Jan 16 '20 22:01 fulv

I have https://mailinabox.email running and it renews the certs without my quasi-human intervention, if you're looking for possible examples

Feb 01 '20 22:02 tkimnguyen

@tkimnguyen yes, please! I still haven't figured this one out.

Feb 02 '20 00:02 stevepiercy

@tkimnguyen reping. I'd like to see your example.

Feb 09 '20 03:02 stevepiercy

@stevepiercy this is what the certbot docs say about not stopping the webserver during the certificate issuance process: https://certbot.eff.org/docs/using.html#webroot

Feb 09 '20 17:02 tkimnguyen

@tkimnguyen how do you use the webroot option with Plone? I can't figure out the value for --webroot-path for a Plone site. /var/www/html is the default path, but content is not served from there.

Feb 11 '20 04:02 stevepiercy

The current version of the certbot-nginx plugin is supposedly capable of issuing and renewing with no downtime. There's a discussion of how this is done in the thread at:

https://certbot.eff.org/faq#can-i-issue-a-certificate-without-bringing-down-my-web-server

with some supplementary information from nginx at:

https://www.nginx.com/faq/how-does-zero-downtime-configuration-testingreload-in-nginx-plus-work/

If this is acceptable, that plugin makes things dead simple. I've tried it out in a branch:

https://github.com/plone/ansible-playbook/tree/simplified-certbot

See https://github.com/plone/ansible-playbook/blob/simplified-certbot/docs/certbot.rst for quick documentation.

Mar 17 '20 23:03 smcmahon

@smcmahon I checked out that branch, and added an entry to my local-configure.yml, then ran ansible-playbook -K certbot.yml. It ran alone just fine, but ultimately fails at the step Test renewal with a dry run. with the following error message:

certbot.errors.StandaloneBindError: Problem binding to port 80: Could not bind to IPv4 or IPv6.
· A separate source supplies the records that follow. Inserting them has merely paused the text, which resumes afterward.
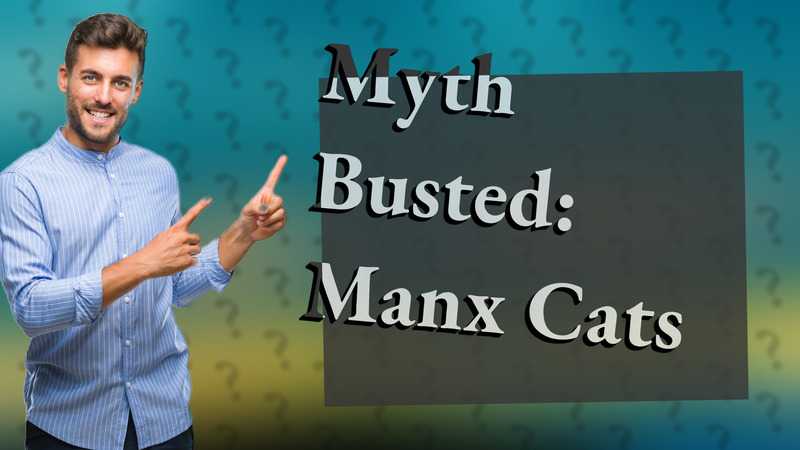 Myth Busted: Manx Cats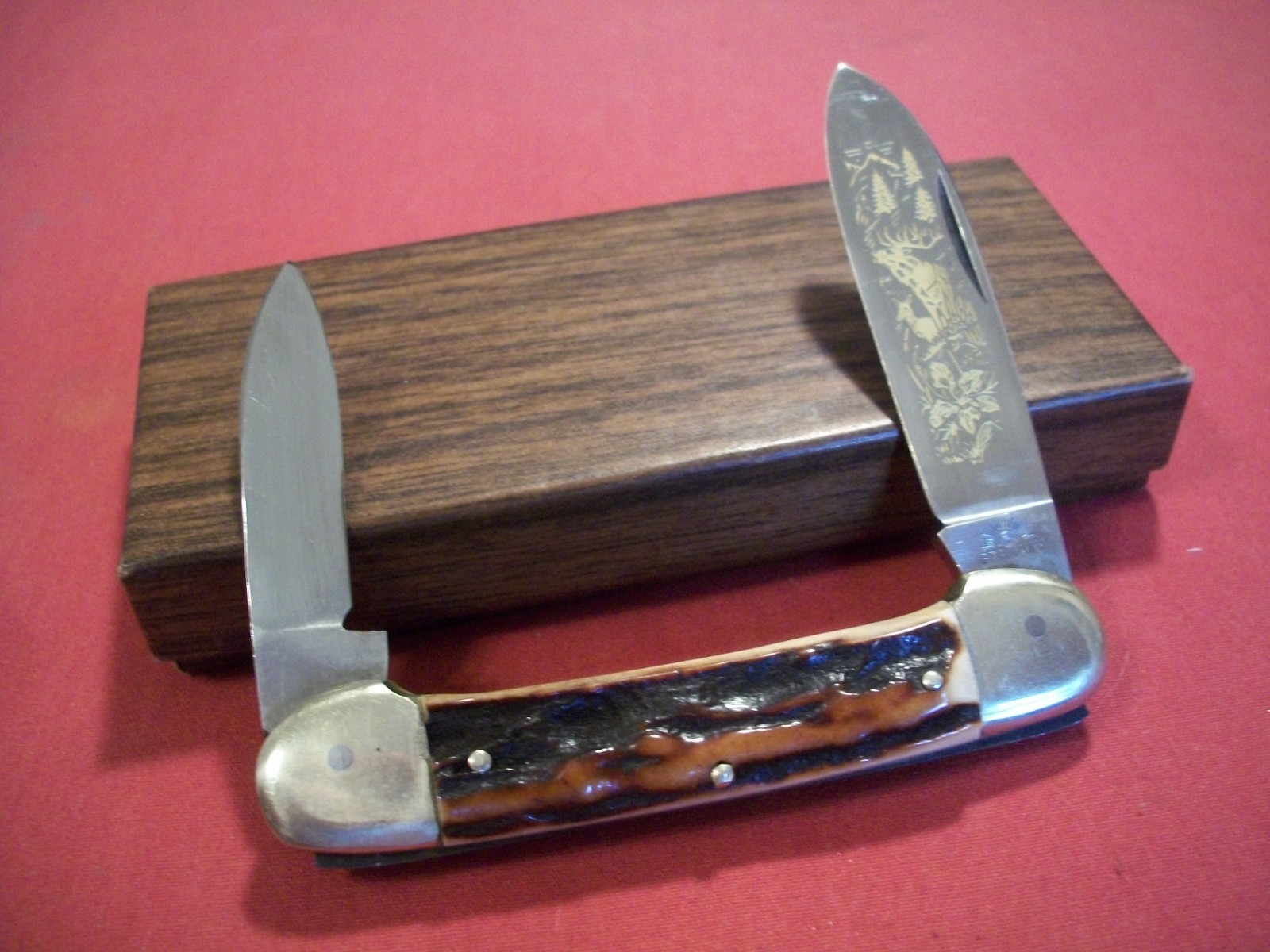 Vintage German Eye Carl Schlieper Canoe Stag Pocket Knife w/ Gold Blade Etch 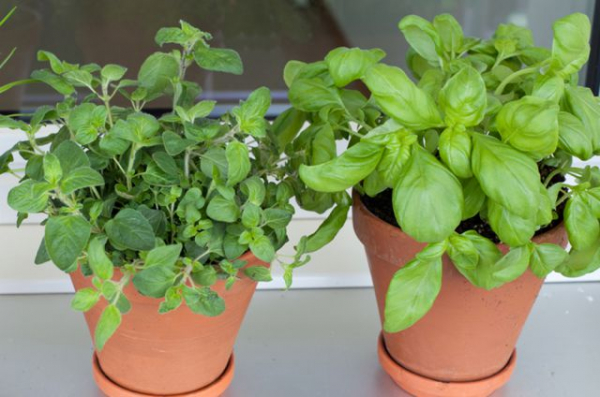 Огород не даст пропасть. Жители Кубани – о семейном стабилизационном фонде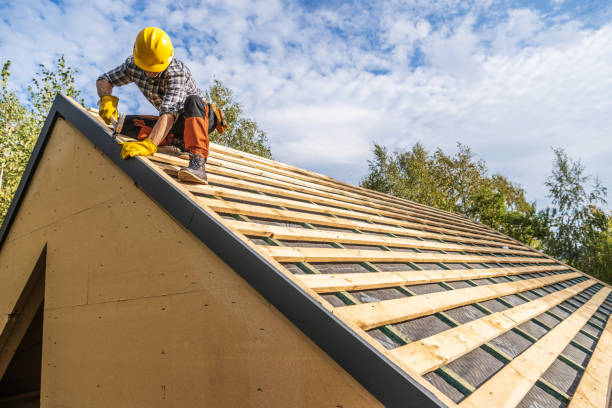 Best Roof Leak Repair  in Roman Forest, TX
I then commented out certificate from local-configure.yml so that the roles/nginx/templates/host.j2 would use the certbot_hosts value. Still got the same error message.

I found that when I ssh in, and issue the command certbot renew --dry-run --nginx, then it works just fine. Without the --nginx flag, the command fails as it defaults to the standalone server.

I pushed a commit with some suggested changes.

Thanks for doing the legwork on this!

Mar 18 '20 10:03 stevepiercy

I also added a cron job to automatically attempt to renew the certificates in https://github.com/plone/ansible-playbook/commit/f0cc209d0e2a1ba95eb7d5b0e6df644e40028665

Mar 18 '20 11:03 stevepiercy

Smoke test:

I tried adding, renewing and revoking certificates on a host using the certbot-nginx plugin while simultaneously hitting a static site with 100,000 sequential ab requests. I saw no failed requests and no latency greater than 10 ms.

Mar 18 '20 18:03 smcmahon

No cronjob is needed; the certbot-nginx package creates its own with a randomized run time.

I've created a pull request for the "simplified certbot" branch with stevepiercy's other changes.

Mar 18 '20 22:03 smcmahon